Tuesday, March 13, 2012
Review: Forgotten Country by Catherine Chung
Janie and Hannah have been at odds at some point in their adolescence, but when escapes Janie. They are Jeehyun and Haejin, the Americanized Korean daughters of expatriates forced to leave their home by their father’s actions. Janie was born in Korea and Hannah in America, but their lives, colored by fairy tales of their homeland, are unmoored from their traditions and roots as they become more and more American.
Hannah disappears without a word and Janie, who was supposed to look after her so her sister would not die as her mother’s sister had died in Korea. One daughter from every generation is at risk, but Janie’s mother never said why or what happened to her. Janie must find Hannah and bring her back; it is her duty.

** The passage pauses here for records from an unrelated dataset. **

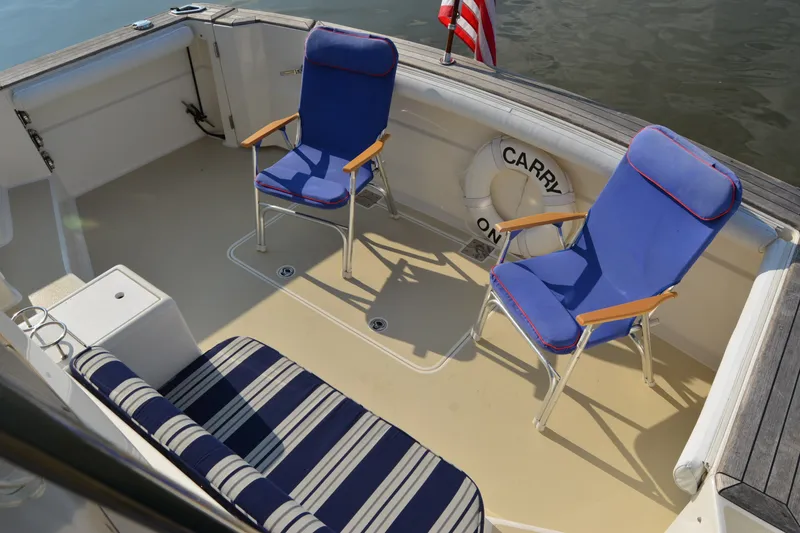 Slide: The Image of Deck of 2005 Sabre 38 Express with blue chairs and striped seating. - 19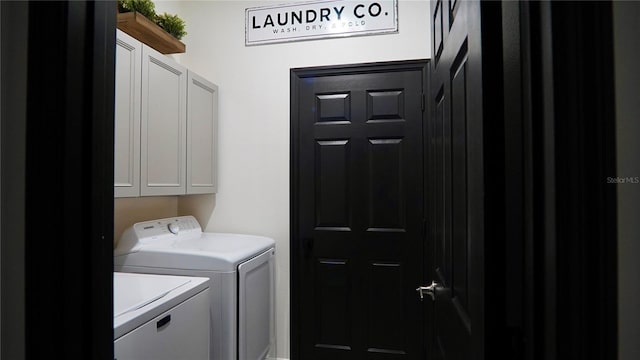 1025 Belvoir Dr, Kissimmee, FL 34744 - washroom featuring cabinet space and washer and clothes dryer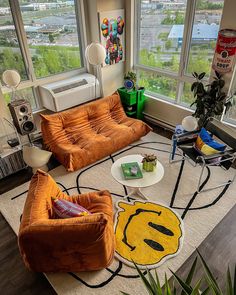 a living room with two couches and a rug in front of large windows overlooking the city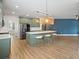 Open kitchen design featuring a large island with seating and modern stainless steel appliances at 214 Harmony Lake Dr, Canton, GA 30115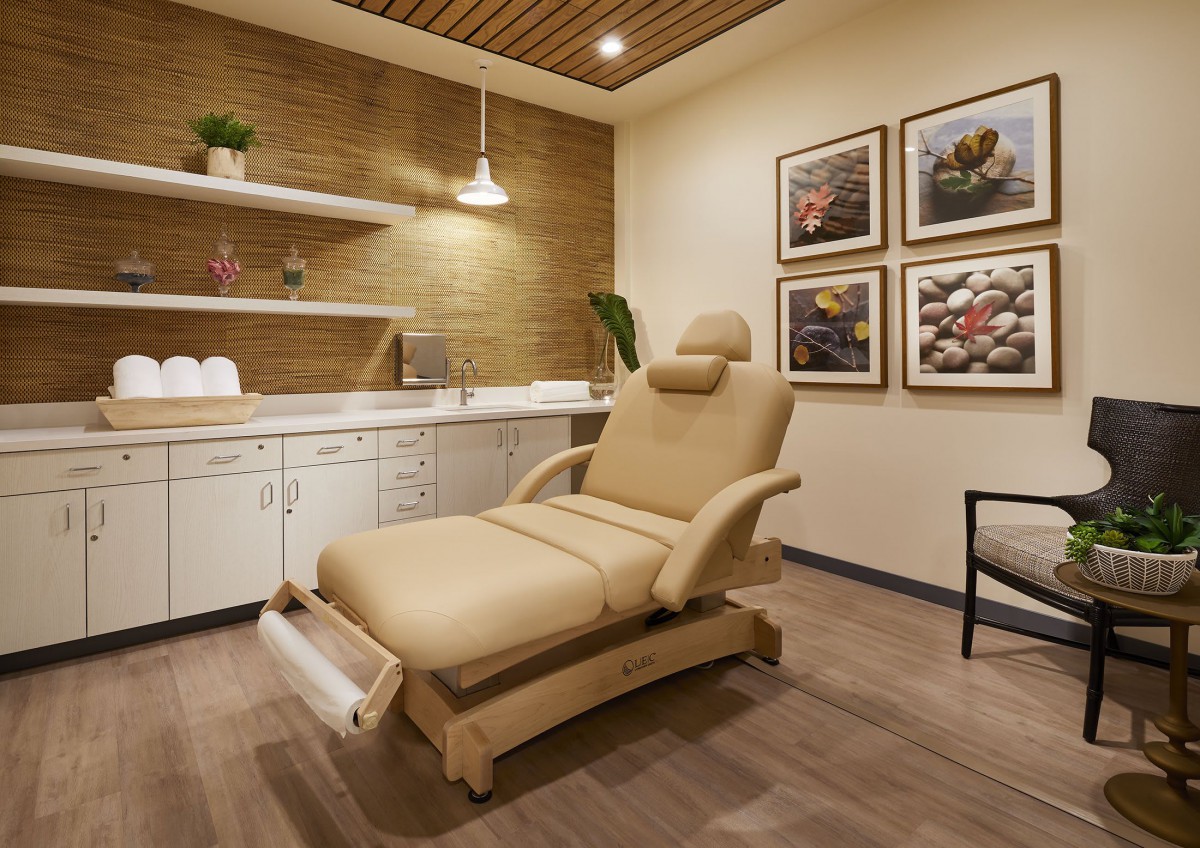 A serene and well-appointed massage room designed for relaxation and therapy.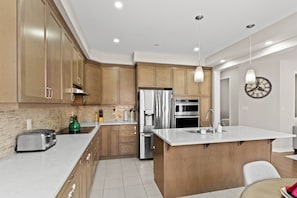 Una cocina moderna con armarios de madera, electrodomésticos de acero inoxidable y una isla central.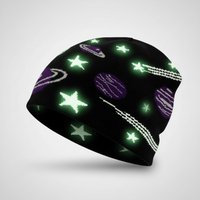Glowing space-themed beanie with stars, planets, and galaxies on a gray background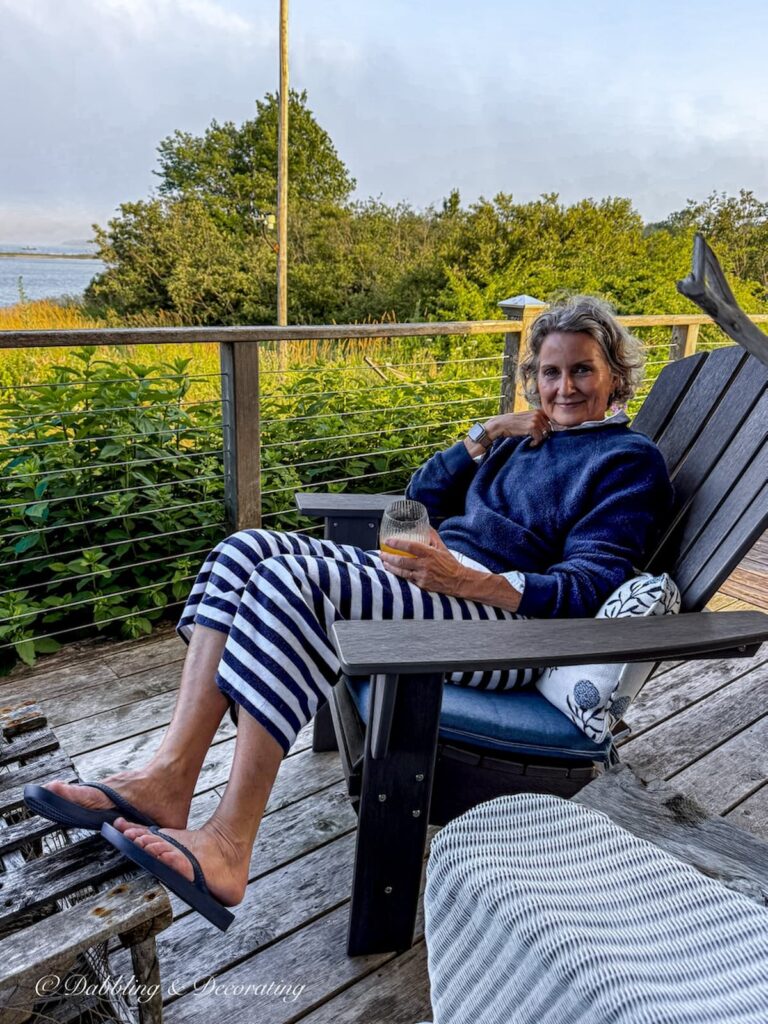 Molly in Maine sitting on her porch on a summer evening in Maine.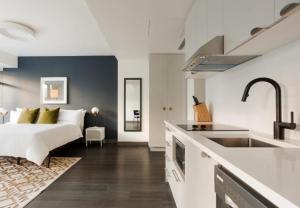 cocina y dormitorio con cama y lavamanos en Resort Inn Centrum en Szczecin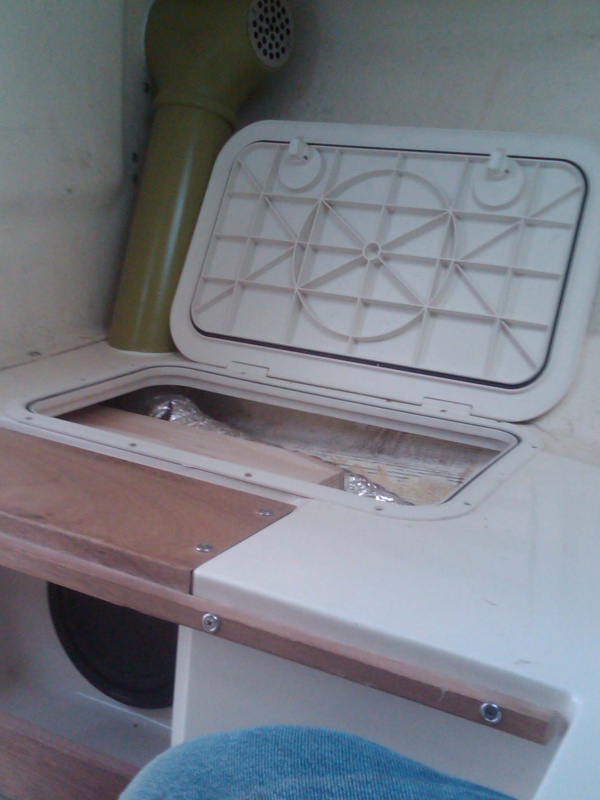 port access hatch w.sub woofer cabinet and air conditioning duct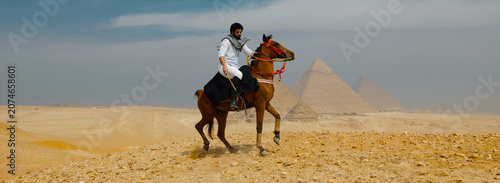Canvas Print Heroic Arab horseman in white shirt and keffiyeh galloping a brown horse across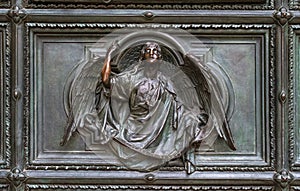 Detail of the Pieta scene in bas-relief at Milan`s Cathedral doors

Catherine Chung writes simply about Janie, Hannah, and their family caught in a complex web of half told stories and family traditions that have lost their power in America. Forgotten Country carried me like a fast moving freight train through the lives of the characters, drawing me toward a conclusion that was brief and jarring. It was a seven-course meal with some of the courses left out, but does not suffer too much by the loss. The sparkling narrative carried me through my momentary questions.
Some of the mysteries were not explained fully, but what Chung does brilliantly is write the minutiae of life and give it power and presence. The clash of Western and Eastern sensibilities is as central to the story as the break between Janie and Hannah. It mirrors the struggle of sisters separated by loyalties, Janie’s to her parents and her filial duty and Hannah to getting as far from her family as possible.
While there were some questions left unanswered, Forgotten Country stays with you in the unique characters and the stunning depth of emotion, the lyrical descriptions, and the all too human emotions offered like priceless pearls. Forgotten Country will become an oft read treasure.